On Sunday night, Prince William has announced the five winners of this year’s Earthshot Prize. The award ceremony, launched by William himself and Sir David Attenborough, was hosted at London’s Alexandra Palace where celebrities have been parading down in eco-friendly attire.
The annual event celebrates innovations with scaleable solutions to environmental problems; the prize awards its 5 winners with £1 million each.
This year’s contestants included a solution to deforestation, a plan to tackle air pollution, and a masterclass to tackle hunger and food waste. Each contestant submitted not just great ideas but a vision for a future where humans start to take responsibility for their own actions. The winners were chosen by the potential to scale up worldwide and by their innovative solutions. Sir David Attenborough highlighted how the winner’s solutions were raising optimism as they are finding brilliant solutions to the planet’s greatest challenges.
He also added: “The natural world on which we entirely depend is declining at a rate faster than at any time since the end of the dinosaurs. We know where this story is heading, and we must now write a different ending. This is what the Earth shot Prize was created to achieve.”
Here the winners;
AEM Electrolyser: winner, fix our climate category
The AEM Electrolyser is a solution that could potentially reinvent the way that we power homes and businesses, it uses renewable electricity and turns it into emission-free hydrogen, which can then be used to power energy-intensive business and factories.
Enapter, who is the company behind the solution, claimed that the Prize will be able to help the technology enter mass production and they aim to produce 10 percent of the world’s hydrogen by 2050.
Milan: winner, waste-free world category
Milan Food Waste Hubs programme is an initiative that recovers food from supermarkets and distributes it to people in need. This programme is the first city programme of its proportion as it works alongside public agencies, food banks charities, private businesses, universities and NGOs (non-governmental Organization). Each Food Hub recovers over 350kg of food per day or 130 tonnes per year equivalent translates to about 260,000 meals.

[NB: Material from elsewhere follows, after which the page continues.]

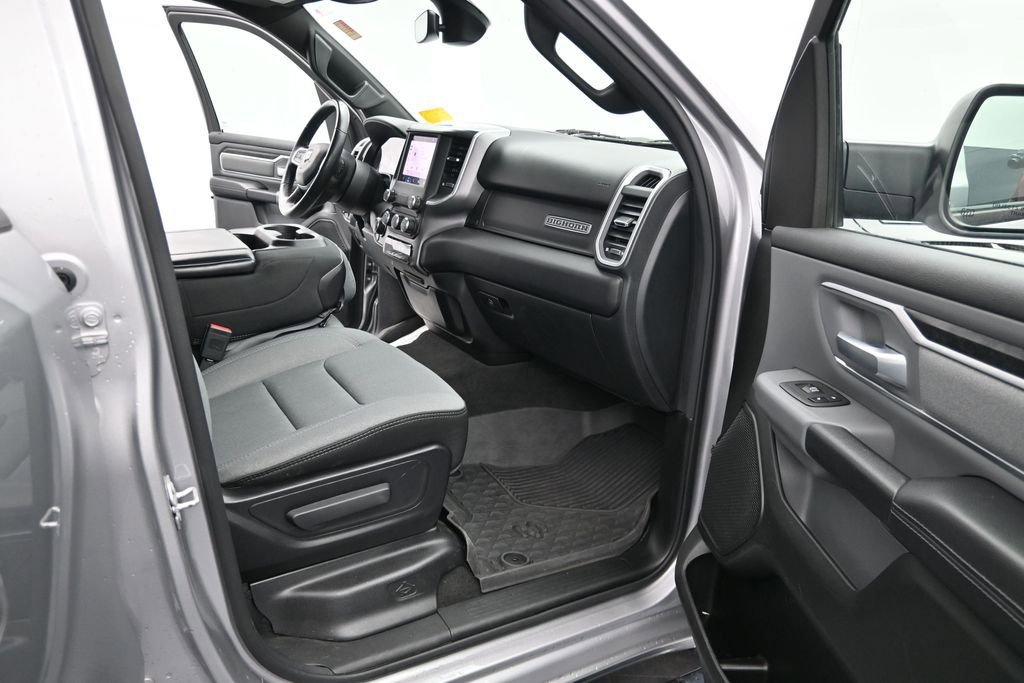 Used 2022 RAM 1500 Big Horn AWD/4WD image 17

The representative for this solution has said that the money from the prize will allow other cities to adhere to the programme and extend it nationally.
Coral Vita: winner, revive our oceans category
Coral Vita aims at restoring Coral Life and become more resilient to climate change. This Bahamas conservation organisation cultivates coral on land and then replants it in the ocean, their process is 50 x faster than the traditional method which means a much bigger impact on Coral life. Coral Vita also promotes jobs in the environmental sector and works alongside local communities and public officials. Their solution aims at growing over a billion corals annually and at establishing Coral farms around the world to tackle this problem globally.
Takachar: winner, clean our air category
Takachar has developed a portable technology that can attach to tractors and converts crop residues into fuel and fertiliser. This could be a massive improvement in the practice of burning agricultural waste which has been linked with air pollution and life reduction too.
The New-Delhi based company said that the prize will help expand their solution to reach rural communities around the world.
Costa Rica: winner, protect and restore nature category
Costa Rica has done an outstanding job at protecting the ecosystem and reversing decades of deforestation by involving indigenous communities in restoration projects and promoting jobs in the environmental sector.
Since 1997, when the project started, Costa Rica’s forests have doubled in size which has had a positive impact on the Country’s economy by contributing over £2.91 bn.
Costa Rica will use the money to help other countries use the same model of the project and expand their programme to oceans too.